Purchase

Debit Note / Purchase Return

A document issued when goods are returned to a supplier

Definition

A debit note is a document issued by a buyer to a supplier when goods are returned due to defects, quality issues, or excess billing. Under GST, a debit note is issued when the taxable value or tax charged in the original purchase invoice is less than the actual amount payable, or when goods need to be returned. It serves as a formal request to the supplier for a credit against the returned goods. The debit note reduces your purchase value, adjusts the Input Tax Credit you previously claimed, and corrects your purchase register. For Indian SMEs, issuing proper debit notes is essential to maintain accurate accounts payable records, ensure correct GST reconciliation, and avoid ITC mismatches during GSTR-2B matching.

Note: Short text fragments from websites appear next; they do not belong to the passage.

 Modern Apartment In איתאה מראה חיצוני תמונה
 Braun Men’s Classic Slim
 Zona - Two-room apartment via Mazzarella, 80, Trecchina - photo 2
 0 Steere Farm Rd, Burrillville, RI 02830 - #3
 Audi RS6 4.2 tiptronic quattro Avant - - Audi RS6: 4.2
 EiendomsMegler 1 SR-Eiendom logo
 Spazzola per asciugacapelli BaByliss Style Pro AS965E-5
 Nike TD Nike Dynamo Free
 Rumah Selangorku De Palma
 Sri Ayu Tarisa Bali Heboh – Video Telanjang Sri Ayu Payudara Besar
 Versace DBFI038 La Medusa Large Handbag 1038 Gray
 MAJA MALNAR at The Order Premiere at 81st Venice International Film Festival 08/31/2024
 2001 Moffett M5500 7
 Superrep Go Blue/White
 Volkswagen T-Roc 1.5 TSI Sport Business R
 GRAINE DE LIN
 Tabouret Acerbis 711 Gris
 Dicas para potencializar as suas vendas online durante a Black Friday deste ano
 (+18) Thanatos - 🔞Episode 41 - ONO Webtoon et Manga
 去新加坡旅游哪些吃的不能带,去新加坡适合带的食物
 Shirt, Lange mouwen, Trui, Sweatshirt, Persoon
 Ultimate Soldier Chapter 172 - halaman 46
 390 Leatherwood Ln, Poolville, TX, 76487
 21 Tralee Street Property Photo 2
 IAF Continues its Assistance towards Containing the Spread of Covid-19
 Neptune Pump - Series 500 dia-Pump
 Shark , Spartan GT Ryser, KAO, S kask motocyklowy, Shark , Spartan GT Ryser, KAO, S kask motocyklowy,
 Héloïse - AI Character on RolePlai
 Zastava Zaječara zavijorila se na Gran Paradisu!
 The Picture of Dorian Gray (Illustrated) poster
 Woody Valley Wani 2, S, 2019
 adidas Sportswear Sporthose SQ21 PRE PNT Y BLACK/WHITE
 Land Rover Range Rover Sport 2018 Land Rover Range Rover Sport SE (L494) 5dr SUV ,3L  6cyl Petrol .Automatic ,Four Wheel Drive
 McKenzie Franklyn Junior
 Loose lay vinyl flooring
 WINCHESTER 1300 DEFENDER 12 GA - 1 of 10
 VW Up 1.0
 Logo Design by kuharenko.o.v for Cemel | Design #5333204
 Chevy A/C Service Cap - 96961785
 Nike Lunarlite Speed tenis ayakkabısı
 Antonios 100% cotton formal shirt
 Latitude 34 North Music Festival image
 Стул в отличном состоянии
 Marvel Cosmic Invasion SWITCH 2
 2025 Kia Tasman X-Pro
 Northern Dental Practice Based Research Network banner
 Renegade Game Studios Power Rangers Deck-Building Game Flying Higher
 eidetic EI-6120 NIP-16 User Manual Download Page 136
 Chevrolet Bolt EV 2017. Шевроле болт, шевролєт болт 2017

Every debit note must reference the original purchase invoice and clearly state the reason for the return.

How It Works

  1. 1When you receive defective, damaged, or excess goods from a supplier, you create a debit note referencing the original purchase invoice.
  2. 2The debit note specifies the returned items, their quantity, value, and the GST adjustment (ITC reversal) for those goods.
  3. 3The returned goods are removed from your inventory, and the supplier's outstanding balance is reduced by the debit note amount.
  4. 4The debit note is matched against the supplier's credit note during GST reconciliation to ensure both parties' records align.

Example

You purchased 50 cartons of biscuits at Rs. 500 each from a distributor in Chennai, totalling Rs. 25,000 + GST @12% = Rs. 3,000. Upon inspection, 5 cartons were damaged. You issue a Debit Note for Rs. 2,500 + GST Rs. 300 = Rs. 2,800 and return the damaged goods. Your ITC is reduced by Rs. 300 accordingly.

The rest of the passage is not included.